I campi di canna da zucchero, la calura sfibrante dell’isola, il lavoro degli schiavi è lo scenario che si presenta agli occhi di Tété. Un mondo dove impara presto a conoscere la violenza dei padroni, l’ansia di libertà, i vincoli preziosi della solidarietà. Quando Valmorain si sposta nelle piantagioni della Louisiana, anche Tété deve seguirlo, ma ormai è cominciata la battaglia per la dignità, per il futuro, per l’affrancamento degli schiavi.
È una battaglia lenta che si mescola al destarsi di amori e passioni, all’annodarsi di relazioni e alleanze, al muoversi febbrile dei personaggi più diversi.

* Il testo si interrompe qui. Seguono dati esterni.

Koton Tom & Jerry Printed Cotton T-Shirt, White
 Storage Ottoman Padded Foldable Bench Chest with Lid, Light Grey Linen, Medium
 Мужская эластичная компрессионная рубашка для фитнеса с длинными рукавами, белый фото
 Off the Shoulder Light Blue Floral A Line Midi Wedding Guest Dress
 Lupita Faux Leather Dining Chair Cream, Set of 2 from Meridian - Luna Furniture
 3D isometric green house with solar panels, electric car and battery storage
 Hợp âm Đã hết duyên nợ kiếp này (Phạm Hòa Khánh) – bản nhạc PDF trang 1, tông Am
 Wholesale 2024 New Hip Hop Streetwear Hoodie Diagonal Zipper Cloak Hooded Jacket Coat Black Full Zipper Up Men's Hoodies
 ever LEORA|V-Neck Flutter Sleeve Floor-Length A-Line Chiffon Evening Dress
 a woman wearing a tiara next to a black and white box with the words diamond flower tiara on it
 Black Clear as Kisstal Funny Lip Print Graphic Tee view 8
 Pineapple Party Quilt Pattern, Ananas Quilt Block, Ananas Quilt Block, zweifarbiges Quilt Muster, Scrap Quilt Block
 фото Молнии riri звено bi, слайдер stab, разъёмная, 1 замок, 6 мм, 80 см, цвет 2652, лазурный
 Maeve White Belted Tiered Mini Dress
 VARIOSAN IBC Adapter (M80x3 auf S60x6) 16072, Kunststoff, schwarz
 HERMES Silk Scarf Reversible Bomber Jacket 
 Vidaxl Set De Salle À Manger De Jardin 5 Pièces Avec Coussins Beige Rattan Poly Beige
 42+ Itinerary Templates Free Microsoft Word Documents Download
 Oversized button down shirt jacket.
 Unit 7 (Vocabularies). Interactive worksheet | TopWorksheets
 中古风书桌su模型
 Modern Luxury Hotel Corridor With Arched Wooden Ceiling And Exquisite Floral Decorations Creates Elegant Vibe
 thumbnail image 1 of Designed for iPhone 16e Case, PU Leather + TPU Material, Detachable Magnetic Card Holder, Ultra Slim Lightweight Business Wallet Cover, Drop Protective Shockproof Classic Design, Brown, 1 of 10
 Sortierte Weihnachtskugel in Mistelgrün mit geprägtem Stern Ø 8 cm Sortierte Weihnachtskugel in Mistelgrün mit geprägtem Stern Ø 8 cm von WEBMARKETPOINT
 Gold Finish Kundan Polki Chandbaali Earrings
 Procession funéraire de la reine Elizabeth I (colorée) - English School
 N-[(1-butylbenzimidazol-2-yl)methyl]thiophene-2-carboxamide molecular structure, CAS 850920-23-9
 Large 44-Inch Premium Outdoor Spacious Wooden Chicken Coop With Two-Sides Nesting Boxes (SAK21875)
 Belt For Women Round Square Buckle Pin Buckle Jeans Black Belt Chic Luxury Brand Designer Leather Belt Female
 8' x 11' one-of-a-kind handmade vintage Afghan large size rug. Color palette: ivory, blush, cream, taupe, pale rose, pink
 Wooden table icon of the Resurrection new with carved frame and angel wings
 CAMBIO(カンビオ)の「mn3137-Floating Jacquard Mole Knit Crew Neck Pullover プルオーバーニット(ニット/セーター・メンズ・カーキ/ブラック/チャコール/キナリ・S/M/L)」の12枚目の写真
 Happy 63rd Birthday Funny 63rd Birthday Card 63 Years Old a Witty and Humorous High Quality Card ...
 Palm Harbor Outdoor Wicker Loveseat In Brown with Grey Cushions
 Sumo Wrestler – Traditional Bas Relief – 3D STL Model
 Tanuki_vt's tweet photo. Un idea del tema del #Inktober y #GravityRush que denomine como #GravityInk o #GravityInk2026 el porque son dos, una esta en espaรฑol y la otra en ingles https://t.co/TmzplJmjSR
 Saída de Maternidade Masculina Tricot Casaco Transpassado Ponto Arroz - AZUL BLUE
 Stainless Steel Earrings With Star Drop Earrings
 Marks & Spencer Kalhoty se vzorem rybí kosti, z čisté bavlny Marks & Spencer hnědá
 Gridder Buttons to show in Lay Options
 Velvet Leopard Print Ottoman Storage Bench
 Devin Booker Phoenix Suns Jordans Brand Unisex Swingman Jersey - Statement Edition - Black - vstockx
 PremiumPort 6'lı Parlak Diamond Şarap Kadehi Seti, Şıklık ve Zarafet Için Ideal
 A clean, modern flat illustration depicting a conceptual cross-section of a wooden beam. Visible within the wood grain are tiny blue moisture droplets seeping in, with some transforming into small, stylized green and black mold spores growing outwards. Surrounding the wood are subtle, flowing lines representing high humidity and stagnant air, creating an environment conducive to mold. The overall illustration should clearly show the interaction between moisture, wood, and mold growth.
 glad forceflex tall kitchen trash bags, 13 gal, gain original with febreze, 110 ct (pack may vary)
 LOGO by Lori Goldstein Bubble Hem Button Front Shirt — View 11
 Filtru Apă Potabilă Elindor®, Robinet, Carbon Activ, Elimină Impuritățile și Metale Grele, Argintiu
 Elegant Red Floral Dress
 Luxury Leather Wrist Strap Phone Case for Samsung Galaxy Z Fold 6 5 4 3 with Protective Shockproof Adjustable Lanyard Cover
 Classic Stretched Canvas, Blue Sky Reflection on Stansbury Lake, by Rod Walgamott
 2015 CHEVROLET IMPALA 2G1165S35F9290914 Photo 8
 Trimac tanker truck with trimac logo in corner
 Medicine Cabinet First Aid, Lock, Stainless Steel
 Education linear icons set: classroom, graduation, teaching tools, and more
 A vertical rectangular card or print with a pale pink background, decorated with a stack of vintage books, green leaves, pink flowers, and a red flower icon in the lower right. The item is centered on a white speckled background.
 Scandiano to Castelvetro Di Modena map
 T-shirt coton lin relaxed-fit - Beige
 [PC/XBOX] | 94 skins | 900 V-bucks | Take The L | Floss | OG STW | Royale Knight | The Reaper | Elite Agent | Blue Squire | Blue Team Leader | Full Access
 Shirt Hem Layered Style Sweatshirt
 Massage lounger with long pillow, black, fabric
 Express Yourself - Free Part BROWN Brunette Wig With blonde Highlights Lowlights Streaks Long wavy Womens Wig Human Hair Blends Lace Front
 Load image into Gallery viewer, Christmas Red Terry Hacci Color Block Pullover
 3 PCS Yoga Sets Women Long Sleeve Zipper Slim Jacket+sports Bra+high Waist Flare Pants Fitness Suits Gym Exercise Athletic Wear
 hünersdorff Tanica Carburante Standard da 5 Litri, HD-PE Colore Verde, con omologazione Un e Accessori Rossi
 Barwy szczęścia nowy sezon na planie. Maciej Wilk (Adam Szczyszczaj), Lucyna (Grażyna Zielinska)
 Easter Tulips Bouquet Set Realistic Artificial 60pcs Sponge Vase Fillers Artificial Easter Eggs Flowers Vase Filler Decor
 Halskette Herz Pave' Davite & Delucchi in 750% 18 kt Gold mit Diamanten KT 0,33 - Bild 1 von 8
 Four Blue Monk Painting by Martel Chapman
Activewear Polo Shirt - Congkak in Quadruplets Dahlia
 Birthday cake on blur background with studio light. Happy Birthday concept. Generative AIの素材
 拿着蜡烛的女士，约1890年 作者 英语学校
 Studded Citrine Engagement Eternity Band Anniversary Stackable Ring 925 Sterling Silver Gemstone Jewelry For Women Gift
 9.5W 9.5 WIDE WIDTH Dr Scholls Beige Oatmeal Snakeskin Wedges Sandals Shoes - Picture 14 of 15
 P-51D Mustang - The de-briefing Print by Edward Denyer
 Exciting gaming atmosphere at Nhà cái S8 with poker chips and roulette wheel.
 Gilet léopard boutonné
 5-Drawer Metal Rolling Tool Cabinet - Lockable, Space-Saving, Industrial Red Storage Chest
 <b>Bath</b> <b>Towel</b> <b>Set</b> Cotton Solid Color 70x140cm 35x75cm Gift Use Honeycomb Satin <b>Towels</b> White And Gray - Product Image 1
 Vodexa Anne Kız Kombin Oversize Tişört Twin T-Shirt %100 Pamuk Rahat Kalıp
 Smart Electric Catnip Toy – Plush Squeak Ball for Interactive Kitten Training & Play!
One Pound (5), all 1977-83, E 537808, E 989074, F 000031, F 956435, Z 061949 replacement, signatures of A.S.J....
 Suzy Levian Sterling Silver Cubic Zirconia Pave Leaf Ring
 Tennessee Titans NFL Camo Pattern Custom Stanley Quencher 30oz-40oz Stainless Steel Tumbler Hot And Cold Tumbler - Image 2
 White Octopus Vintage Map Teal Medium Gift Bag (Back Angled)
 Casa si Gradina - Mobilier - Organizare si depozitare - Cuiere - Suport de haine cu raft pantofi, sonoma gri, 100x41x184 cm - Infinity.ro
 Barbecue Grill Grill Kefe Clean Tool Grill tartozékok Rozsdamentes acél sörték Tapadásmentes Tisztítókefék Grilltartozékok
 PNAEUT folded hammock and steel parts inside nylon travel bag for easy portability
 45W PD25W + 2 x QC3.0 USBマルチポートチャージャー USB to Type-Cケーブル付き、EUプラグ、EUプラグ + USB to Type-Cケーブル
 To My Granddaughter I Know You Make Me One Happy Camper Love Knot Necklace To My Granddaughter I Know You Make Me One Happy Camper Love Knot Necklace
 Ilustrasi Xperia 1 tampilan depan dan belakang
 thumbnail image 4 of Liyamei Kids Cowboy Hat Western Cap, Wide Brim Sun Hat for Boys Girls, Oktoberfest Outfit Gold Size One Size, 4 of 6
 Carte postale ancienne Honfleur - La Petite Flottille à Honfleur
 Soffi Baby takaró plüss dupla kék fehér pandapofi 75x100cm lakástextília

L’isola è una miscela esplosiva di razze, religioni e culture. Proprio qui, a cavallo della fine del Diciottesimo secolo, sotto l’accecante sole creolo dei Caraibi, tra soldati europei, cocotte mulatte, pirati, schiavi neri e signori bianchi, sacerdoti vudù e frati cattolici, nasce l’identità latinoamericana moderna, inevitabilmente legata all’insurrezione contro le ingiustizie.
Contro il fondale animatissimo della Storia, Zarité Sedella, soprannominata Tété, bella e coraggiosa, battagliera e consapevole, è un’eroina modernissima. Nata schiava, conosce tutte le violenze e i soprusi, ma guidata dalla passione (anche quella politica), diviene, alla fine del romanzo, una donna libera. “Nei miei primi quarant’anni io, Zarité Sedella, ho avuto maggior fortuna di altre schiave. Vivrò a lungo e la mia vecchiaia sarà gioiosa, perché la mia stella – la mia z’étoile – brilla anche quando la notte è nuvolosa.”